▸ **Task brief**
Among the lines below, the one containing "More Photos Of" opens the range and the one containing "256 Grooms Avenue Property Photo 10" closes it. Print that range exactly, without the pictures.

▸ **Data to process**
● ● ● ●

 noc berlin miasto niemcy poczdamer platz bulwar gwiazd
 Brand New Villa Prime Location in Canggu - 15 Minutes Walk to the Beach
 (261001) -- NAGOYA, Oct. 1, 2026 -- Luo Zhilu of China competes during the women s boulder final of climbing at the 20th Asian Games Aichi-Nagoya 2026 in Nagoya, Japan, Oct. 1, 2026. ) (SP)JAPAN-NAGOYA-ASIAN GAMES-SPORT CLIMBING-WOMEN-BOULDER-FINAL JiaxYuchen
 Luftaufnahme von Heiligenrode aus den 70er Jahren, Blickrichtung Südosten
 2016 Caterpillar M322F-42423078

● ● ● ●

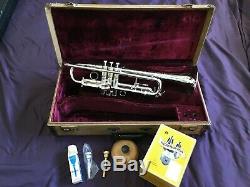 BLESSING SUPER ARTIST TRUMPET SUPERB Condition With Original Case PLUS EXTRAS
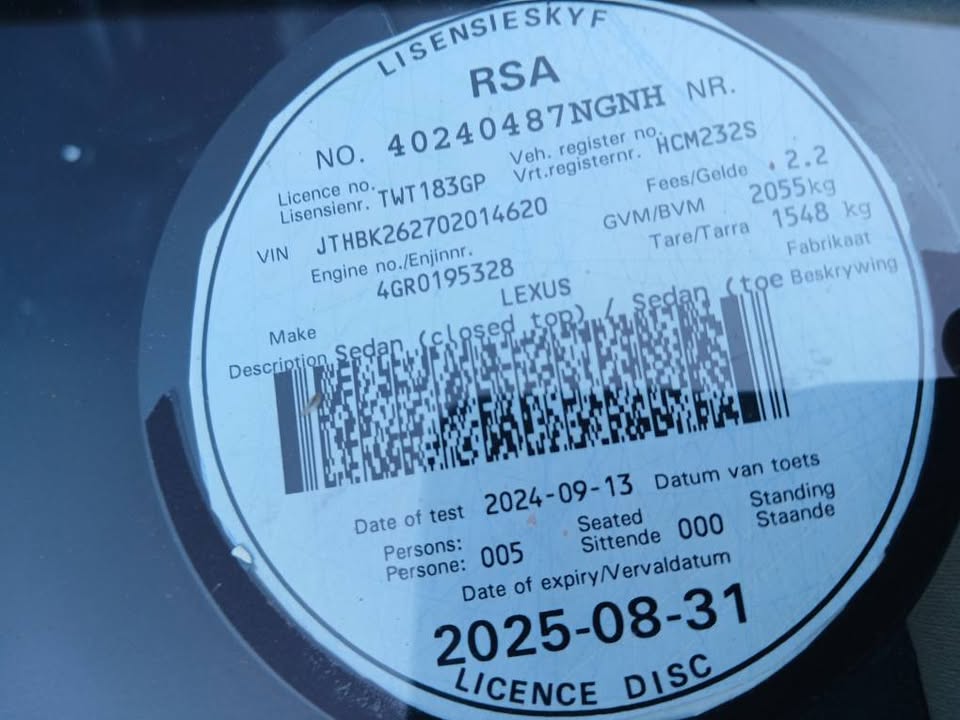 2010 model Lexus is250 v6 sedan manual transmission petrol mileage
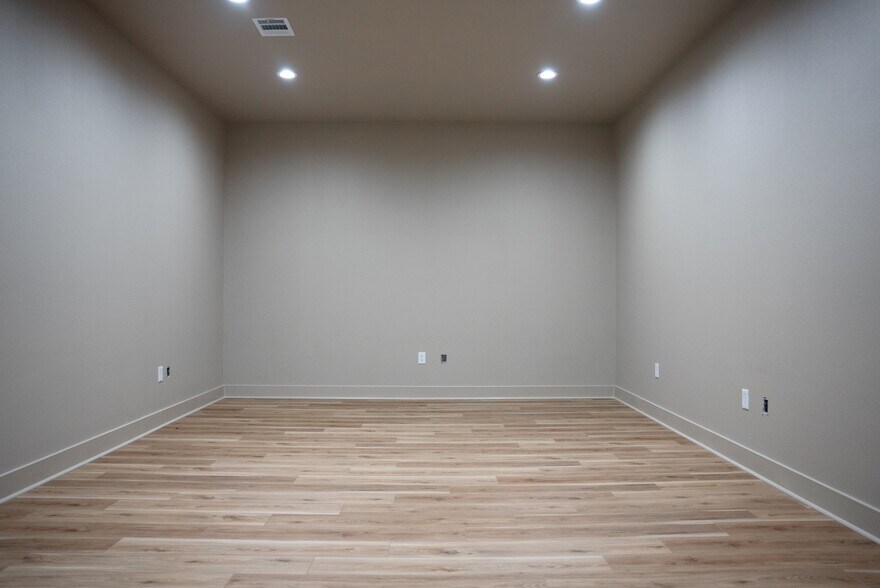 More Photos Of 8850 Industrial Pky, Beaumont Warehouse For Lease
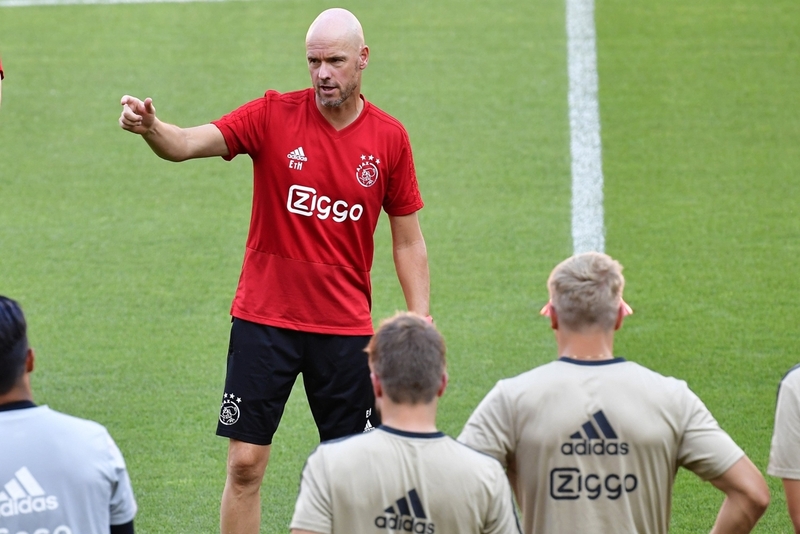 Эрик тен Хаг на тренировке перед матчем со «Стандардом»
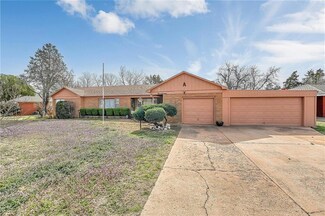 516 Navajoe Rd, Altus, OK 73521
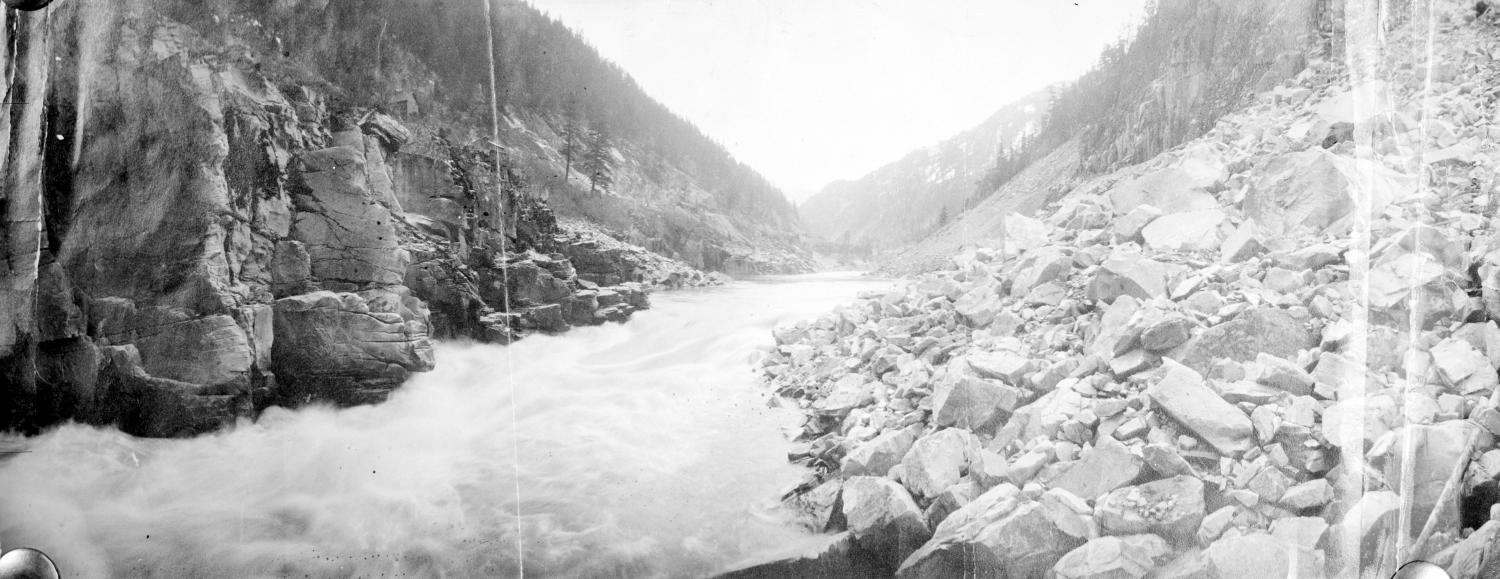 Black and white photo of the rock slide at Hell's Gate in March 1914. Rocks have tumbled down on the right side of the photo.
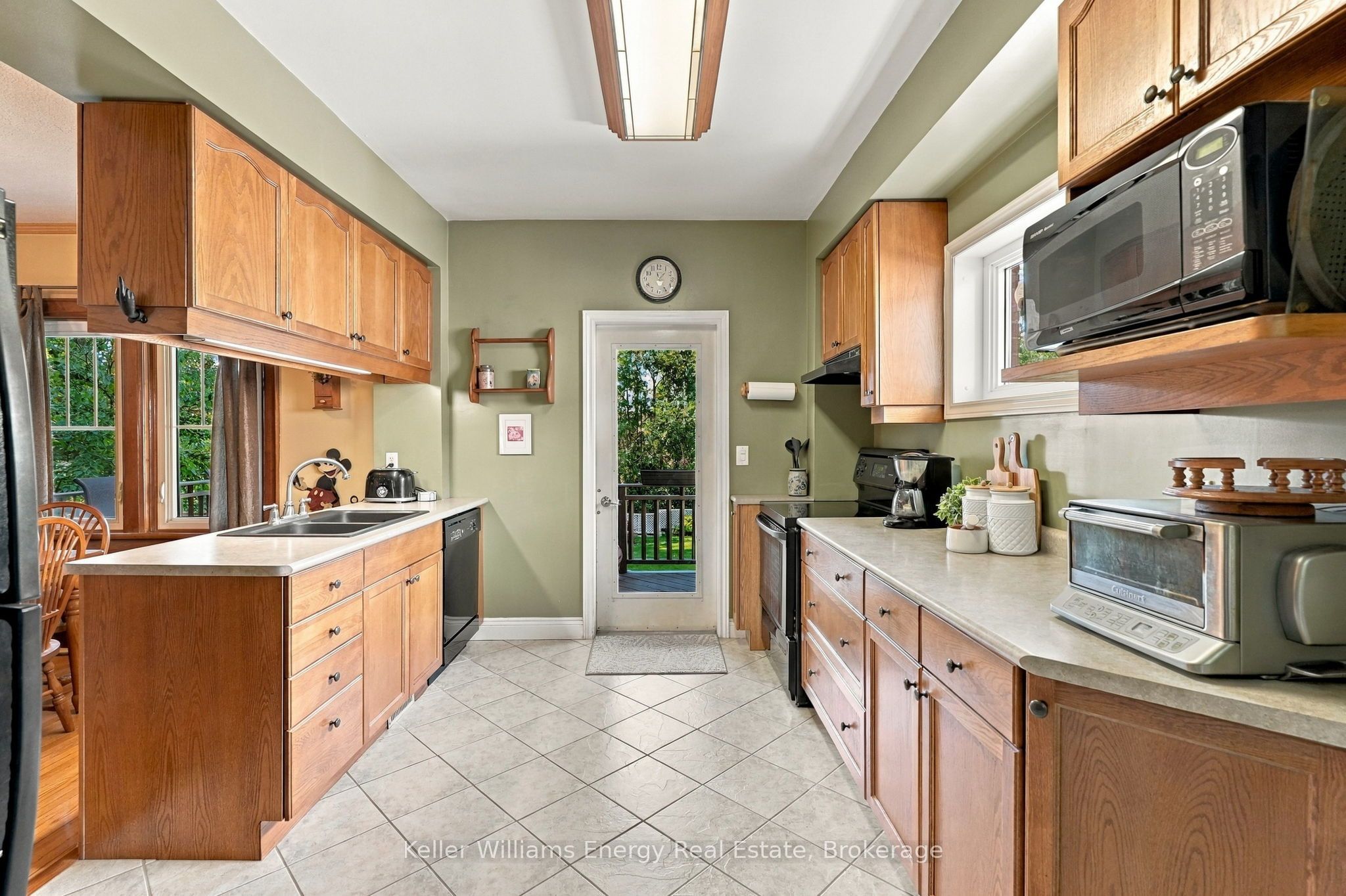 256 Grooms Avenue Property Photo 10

● ● ● ●

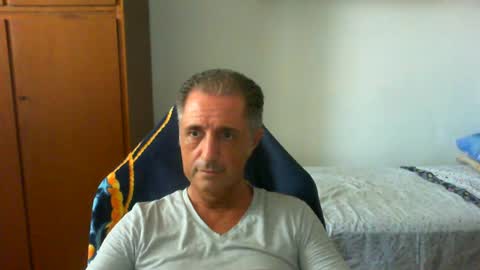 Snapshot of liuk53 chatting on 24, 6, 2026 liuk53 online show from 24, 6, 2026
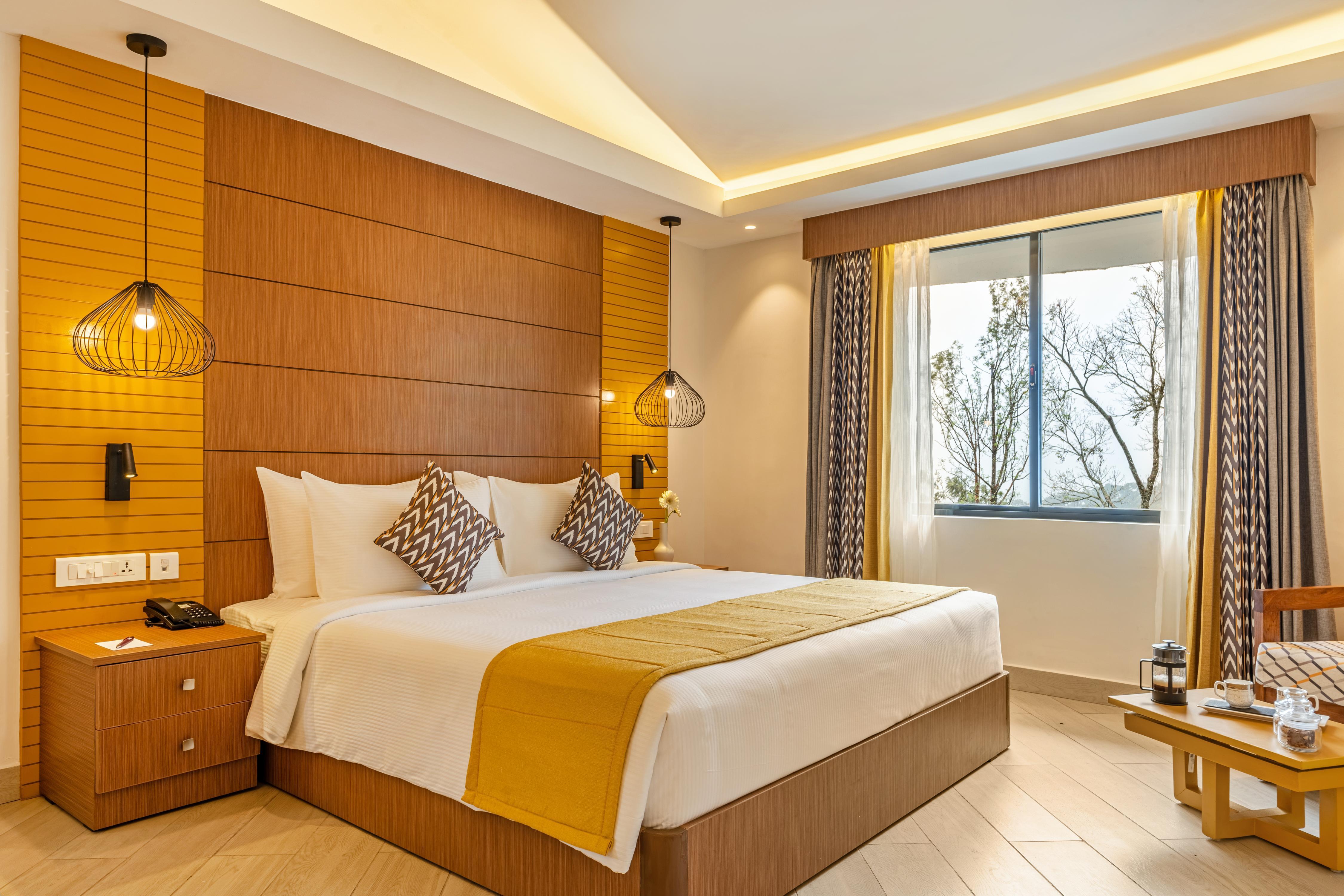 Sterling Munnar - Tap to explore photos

● ● ● ●

▸ **Solution to the exercise**
 More Photos Of 8850 Industrial Pky, Beaumont Warehouse For Lease
 Эрик тен Хаг на тренировке перед матчем со «Стандардом»
 516 Navajoe Rd, Altus, OK 73521
 Black and white photo of the rock slide at Hell's Gate in March 1914. Rocks have tumbled down on the right side of the photo.
 256 Grooms Avenue Property Photo 10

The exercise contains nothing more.